Short text fragments from websites:
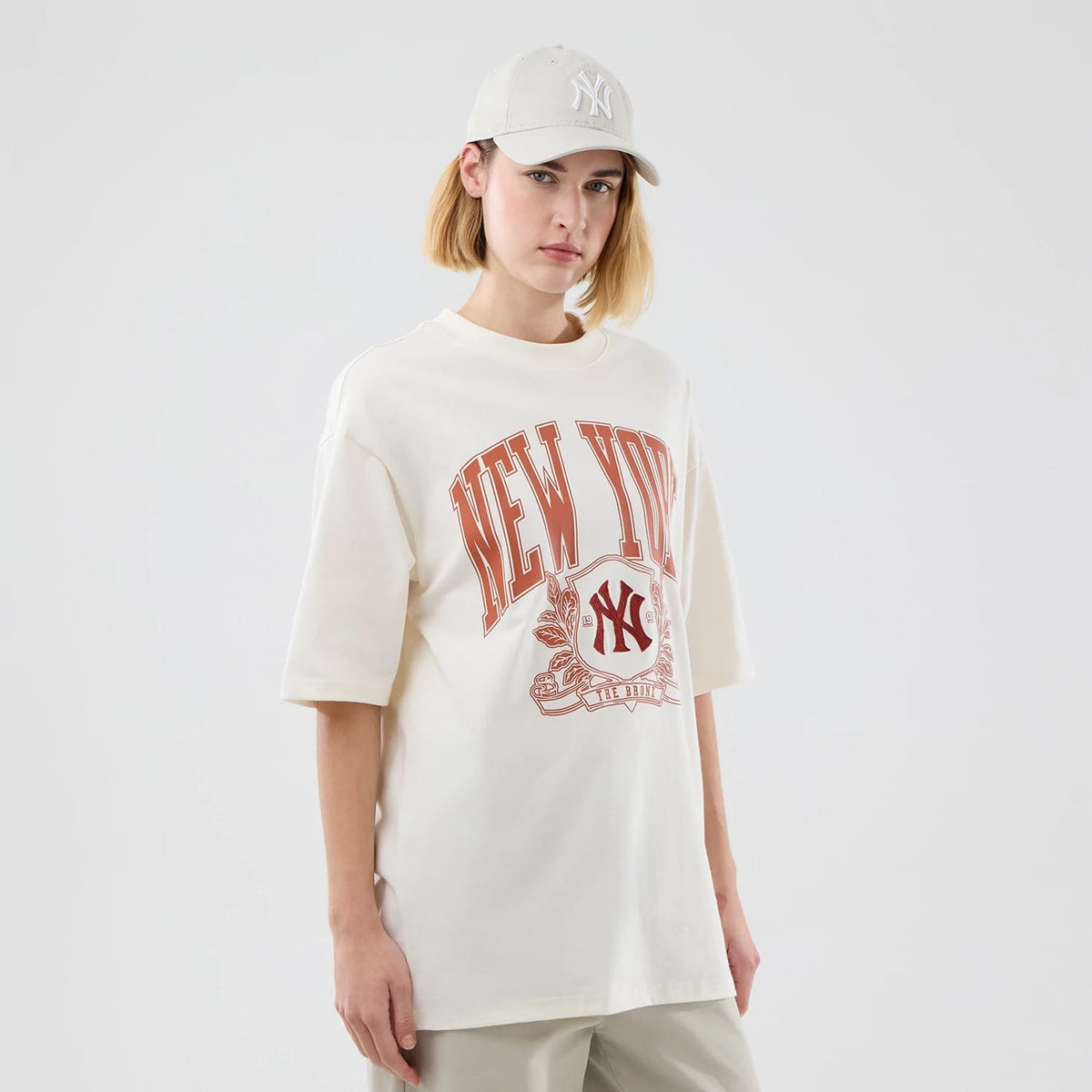 The model is wearing this MLB Arch Graphic New York Yankees Oversized T-Shirt in open white. 4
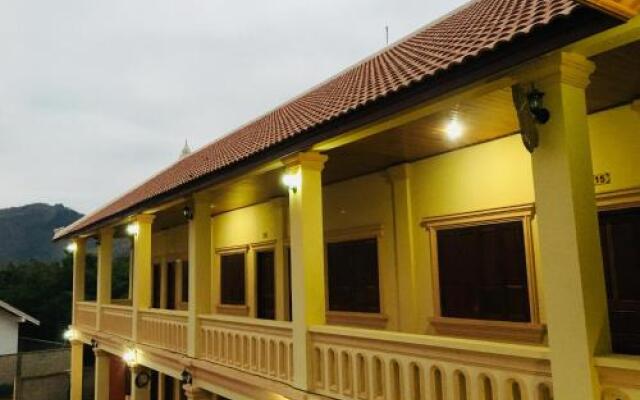 Meechaleun Guesthouse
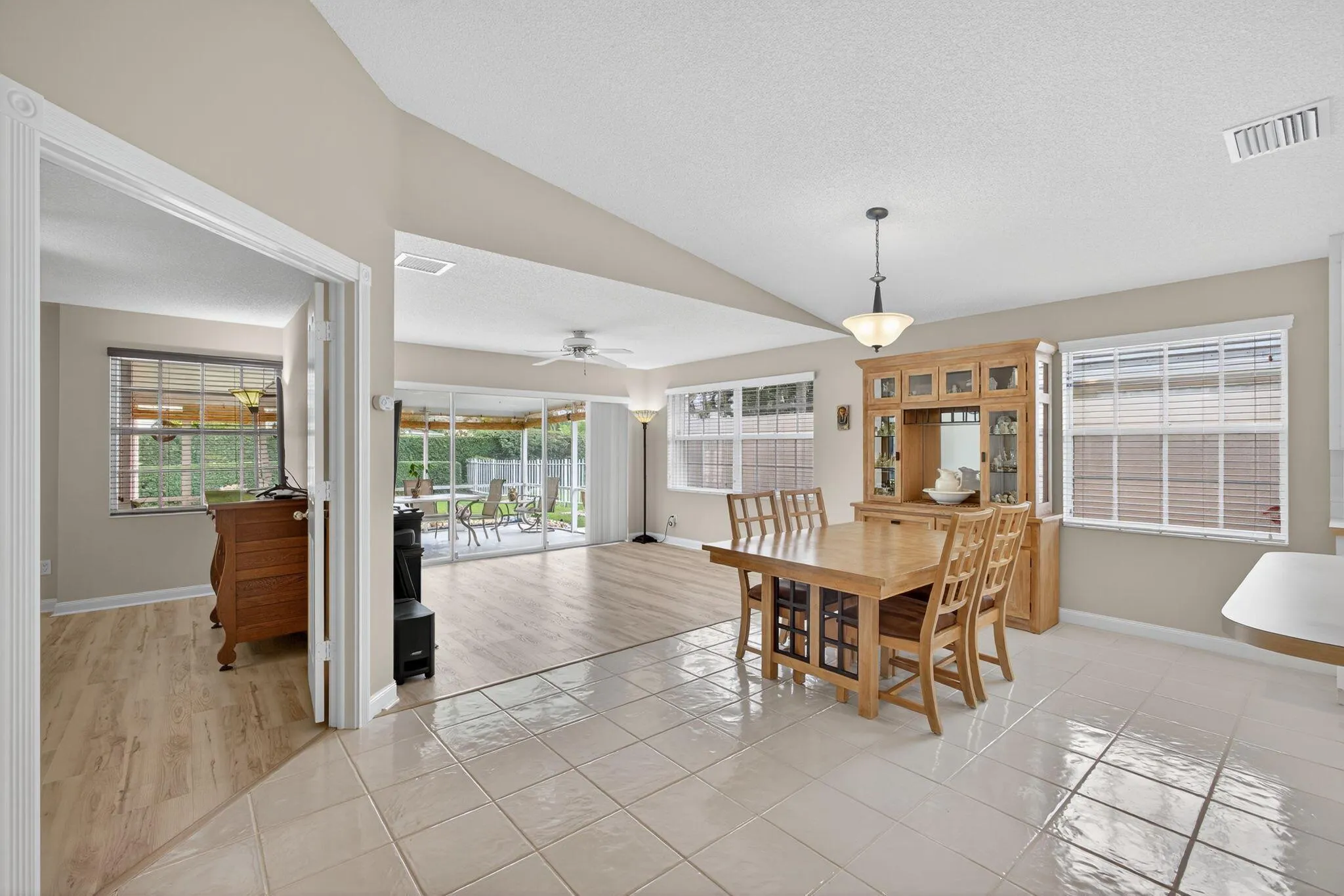 4174 Royal Oak Drive
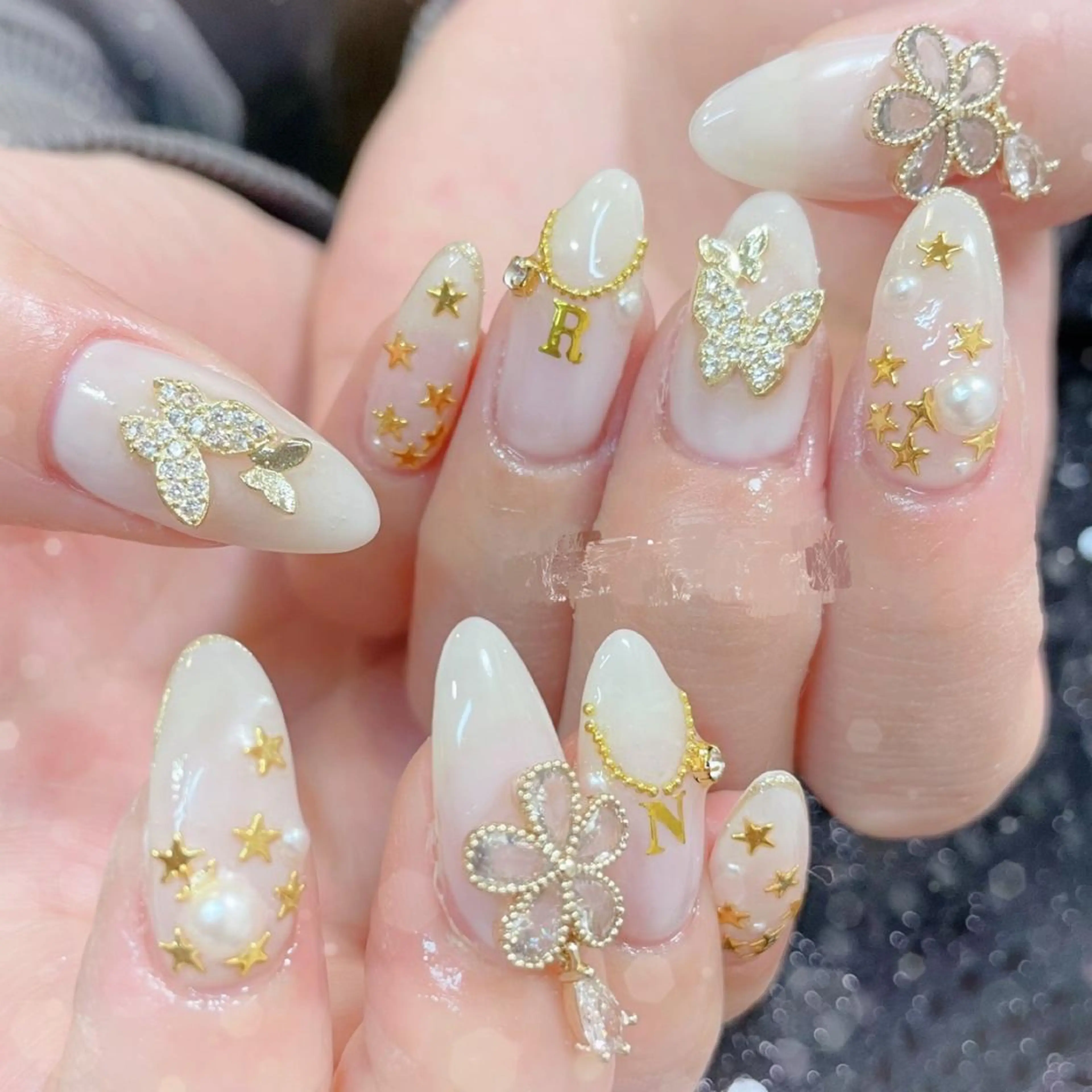 ネイル ハンドネイル ハンドケア MoON...❤︎ MeGuのネイルデザイン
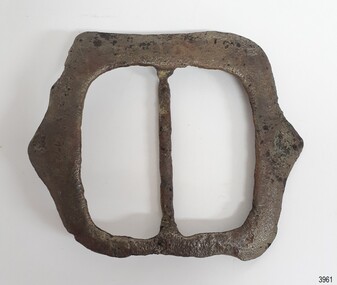 Large square buckle, rounded corners, with a slight outwards point in the centre of  two sides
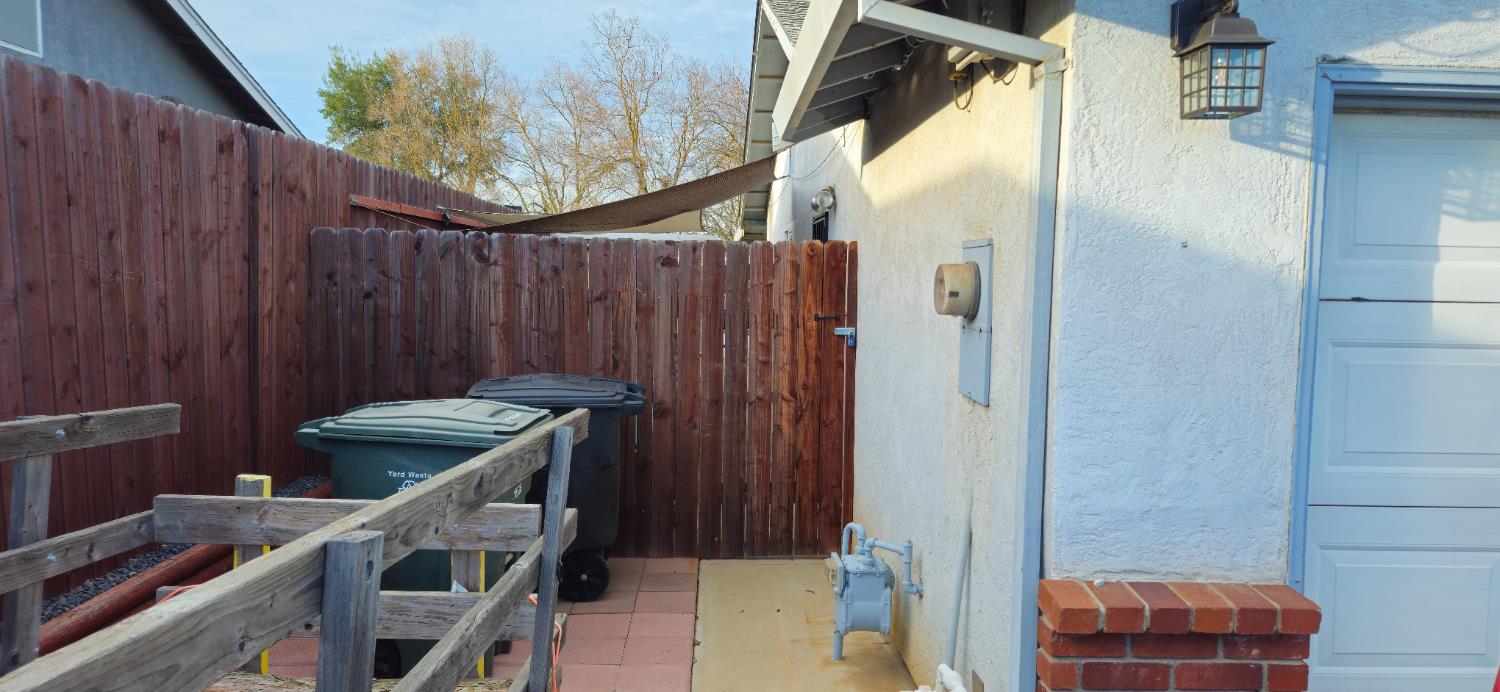 13319 Welch St, Waterford, CA 95386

* [EXERCISE DETAILS]:
The expected response is every entry above, repeated exactly, pictures removed.

* [WRITTEN ANSWER]:
 The model is wearing this MLB Arch Graphic New York Yankees Oversized T-Shirt in open white. 4
 Meechaleun Guesthouse
 4174 Royal Oak Drive
 ネイル ハンドネイル ハンドケア MoON...❤︎ MeGuのネイルデザイン
 Large square buckle, rounded corners, with a slight outwards point in the centre of  two sides
 13319 Welch St, Waterford, CA 95386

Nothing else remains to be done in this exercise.